After watching Carson Wentz struggle for months, Philadelphia Eagles head coach Doug Pederson finally sent the former No. 2 pick to the bench last week. That gave intriguing rookie Jalen Hurts the opportunity to prove why the franchise spent a second-round pick on him back in April.
While the dual-threat signal-caller didn’t do anything particularly special, he did lead the Eagles to just their fourth win of the season. Still, Pederson refused to commit to Hurts as the starter for Week 15.
But on Monday, the Eagles officially named their starting quarterback for this week’s matchup against the Arizona Cardinals. Ultimately, though, Philadelphia faces a much more important decision about the position this offseason.
Doug Pederson refused to commit to Jalen Hurts after Sunday’s win
Carson Wentz may have signed a $128 million contract not too long ago, but that didn’t stop the Eagles from recently benching the highly-paid quarterback for Jalen Hurts.
In his first NFL start, the former Heisman finalist showcased some of the skills that made him a star at both Alabama and Oklahoma. Although Hurts completed just 17-of-30 attempts, he did throw a beautiful touchdown pass to Alshon Jeffery for the game’s first points.

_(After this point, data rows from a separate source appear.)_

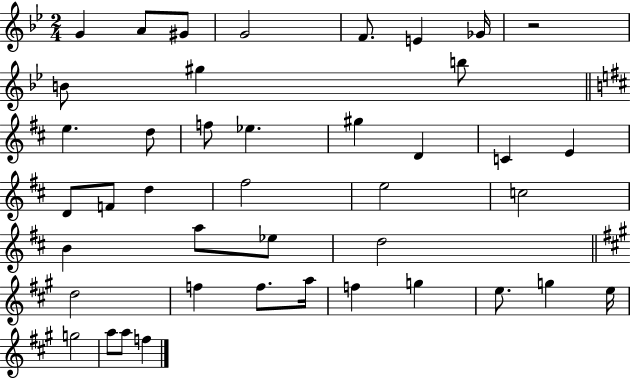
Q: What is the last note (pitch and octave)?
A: F5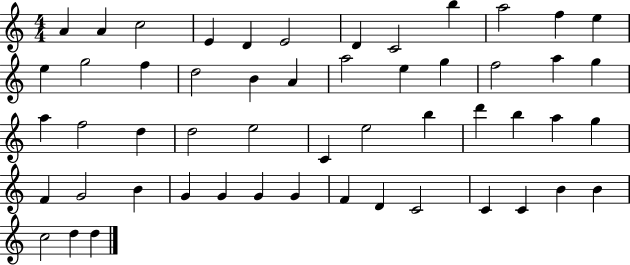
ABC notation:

X:1
T:Untitled
M:4/4
L:1/4
K:C
A A c2 E D E2 D C2 b a2 f e e g2 f d2 B A a2 e g f2 a g a f2 d d2 e2 C e2 b d' b a g F G2 B G G G G F D C2 C C B B c2 d d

Hurts’ mobility made a major difference on Sunday. The 6-foot-1, 222-pound QB ran for 106 yards on 18 carries in Philadelphia’s 24-21 upset against the New Orleans Saints. Meanwhile, Taysom Hill ran for just 33 yards on five carries.
Even after Hurts helped the Eagles improve to 4-8-1, Pederson did not commit to the rookie as the starter for Week 15.

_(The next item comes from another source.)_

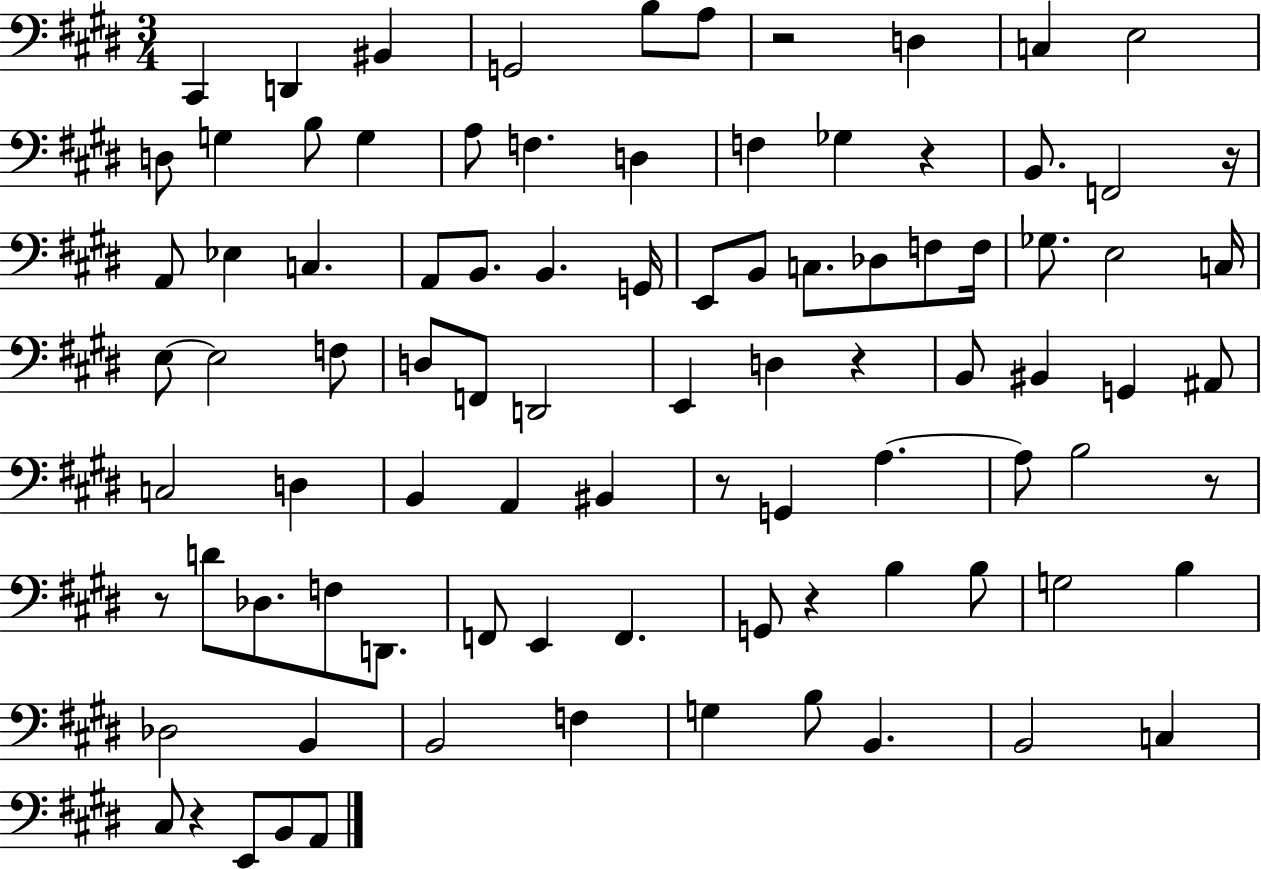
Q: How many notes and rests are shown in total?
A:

“Jalen got the start this afternoon, and I thought overall, there were some good things and [he] really kind of gave us a spark as a team that I was looking for, and I think we were looking for as a team,” Pederson said in his post-game press conference. “But you know, this win is not about one guy. This win is about this team and how resilient this team is.”
When asked why he wasn’t ready to name Hurts as the starter moving forward, Pederson only said that he planned to “enjoy this win and get ready for next week.”
His non-committal stance led to speculation about who will start at quarterback for the Eagles in Week 15.
The Eagles have officially named their starting quarterback for Week 15
Anyone who watched the Eagles on Sunday saw an offense that looked more explosive than it has for pretty much the entire season. In fact, the Eagles racked up 413 total yards against the Saints—their second-highest mark all year.
Philadelphia gained 246 yards on the ground alone. That easily topped the team’s previous high of 194 rushing yards that came against the Baltimore Ravens in Week 6.
While the Eagles clearly have major issues to address this offseason, Doug Pederson finally addressed the biggest question remaining in the aftermath of Hurts’ first NFL start: Who will be QB1 against the Cardinals?
“After going through the film and really looking back at even to last week and the preparation and everything, I’m going to continue with Jalen this week as the starter,” Pederson said at his Monday press conference.
That decision shouldn’t be surprising given Wentz’s struggles and Hurts’ solid first start. At this point, the Eagles might as well continue letting the rookie play so they can get a full evaluation of his ability heading into the offseason. Because once the season concludes, Philadelphia faces a monumental decision at the most important position in sports.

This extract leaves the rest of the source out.